Agent Cutie: Oh hey Guy!

Guy: Hey, Agent Cutie…. I still have no idea why you changed your last name to that.

Agent Cutie: Yeah well let’s keep it that way shall we? What’s with all the trash, Guy?

Guy: Oh, just getting rid of some old junk to make space.

Agent Cutie: Oh is that right? What was that huge crashing sound I heard earlier from your apartment?

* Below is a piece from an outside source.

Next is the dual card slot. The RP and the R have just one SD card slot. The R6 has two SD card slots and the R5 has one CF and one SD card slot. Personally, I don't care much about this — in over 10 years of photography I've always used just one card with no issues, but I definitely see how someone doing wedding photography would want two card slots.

Guy: Nothing, just me and Petey roughing around, trading punches. It got a little out of hand and I shoved him into a bookshelf and it came toppling over. Sorry about that

Mr. Cutie.

Narrator: (Guy Smirks)

Agent Cutie: I smell something fishy…. And I’m going to get to the bottom of it. Trust me Guy, I WILL figure out what’s really going on in that apartment of yours.

Guy: Jeeze man you’re creepy, and there’s nothing going on so don’t even worry about it.

Narrator: Agent Cutie turns around and walks back into his apartment and closes the door. Guy leaves the trash bags in the middle of the hallway and runs back into his apartment and tells Karen & Peter what happened.

Scene 6

Karen: Wow, he is a creepy man..

Peter: We need to figure out how to find that freakin’ oven fast!

Guy: Alright, we need some rope and a fat suit.

Karen: A fat suit?

Guy: Trust Me.

Narrator: Karen, Guy, Peter and Randy go to the store to get the supplies they’ll need to help Randy fix his ship. After returning to the apartment, they set out the supplies and begin to map out their plan

Guy: alright, we’ll go to his apartment. I’ll be dressed up in my fat suit and when he opens the door, you will push me onto of him and that should crush him just long enough to grab the oven and get the hell out of there.

Karen: But what about getting Guy out of the fat suit without letting Agent Cutie free?